#### WHAT THIS TASK INVOLVES
Every line below should be copied exactly; drop the pictures.

#### GIVEN MATERIAL
----------------------------------------

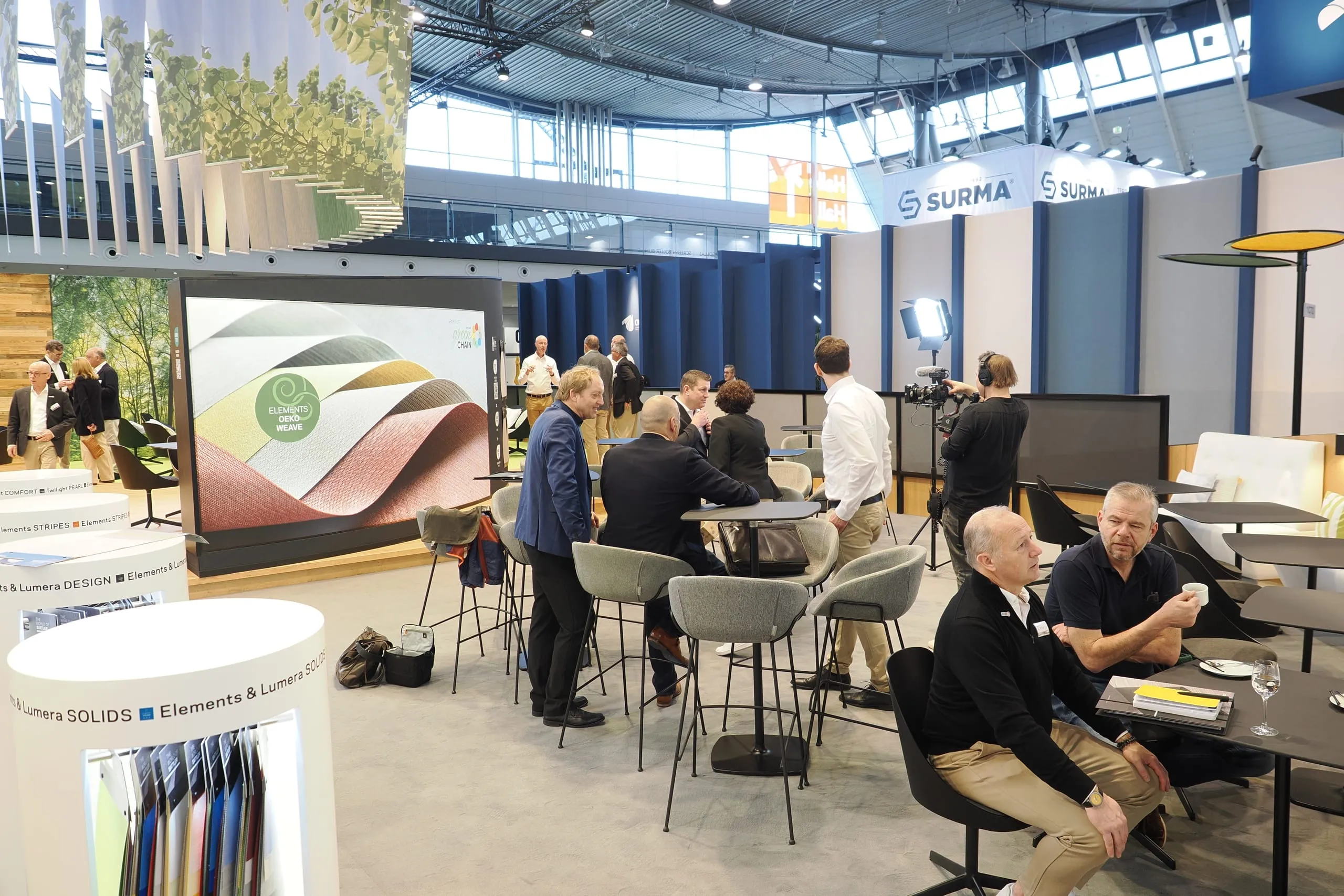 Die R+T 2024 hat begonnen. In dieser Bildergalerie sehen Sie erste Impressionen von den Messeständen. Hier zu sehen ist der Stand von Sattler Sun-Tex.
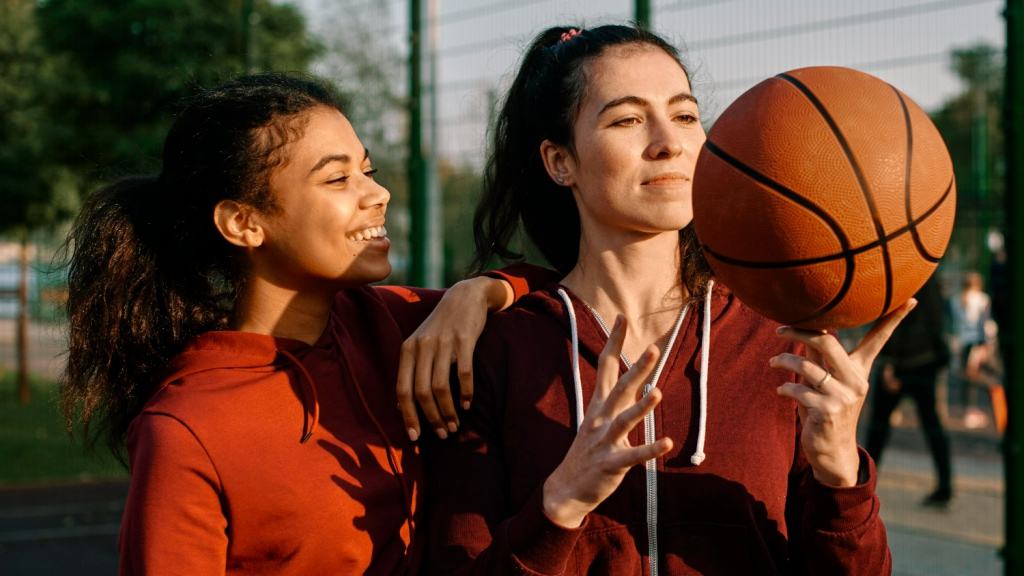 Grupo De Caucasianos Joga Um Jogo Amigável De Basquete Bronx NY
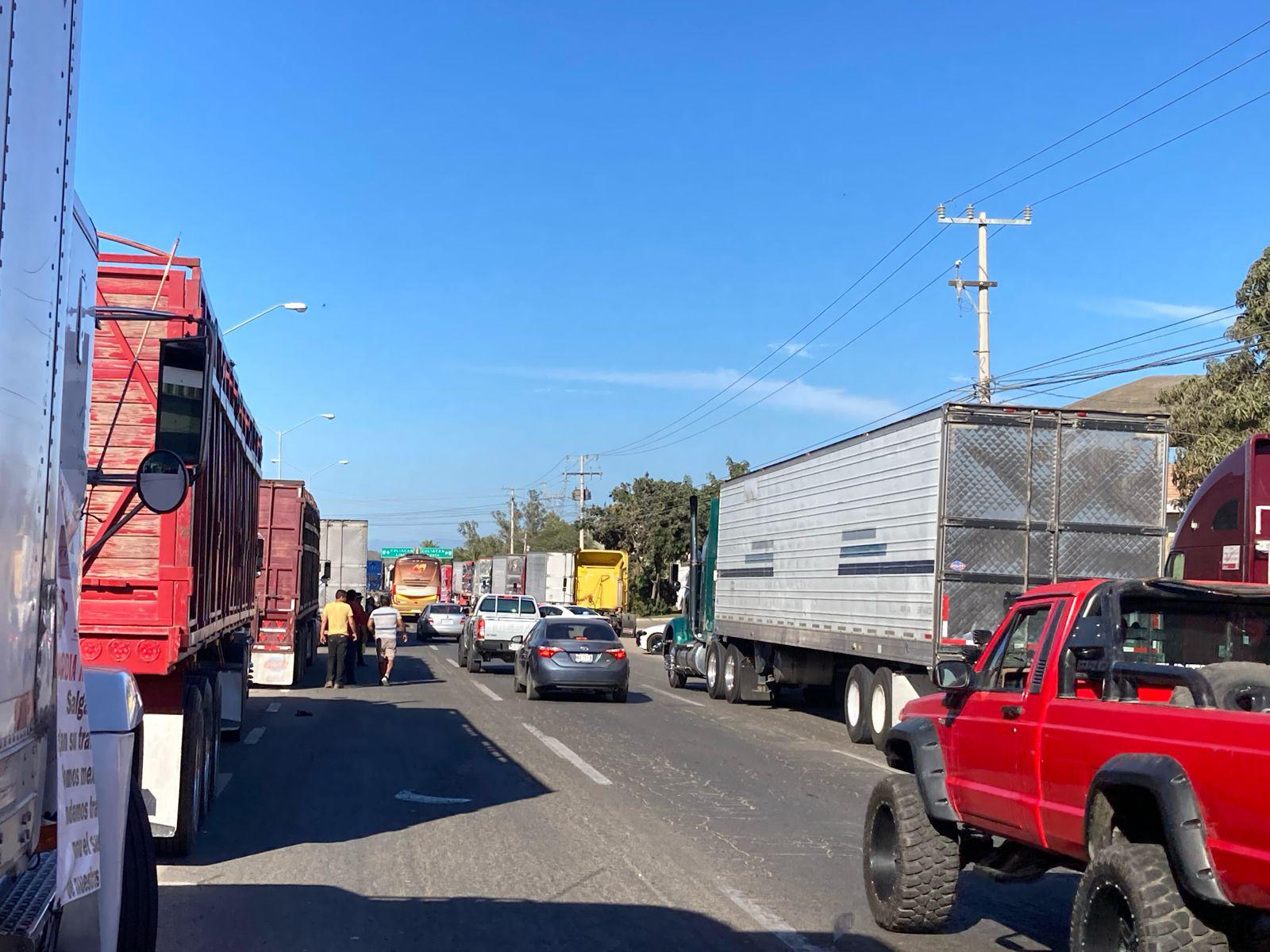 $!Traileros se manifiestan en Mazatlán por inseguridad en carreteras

----------------------------------------

#### ANSWER BELOW
 Die R+T 2024 hat begonnen. In dieser Bildergalerie sehen Sie erste Impressionen von den Messeständen. Hier zu sehen ist der Stand von Sattler Sun-Tex.
 Grupo De Caucasianos Joga Um Jogo Amigável De Basquete Bronx NY
 $!Traileros se manifiestan en Mazatlán por inseguridad en carreteras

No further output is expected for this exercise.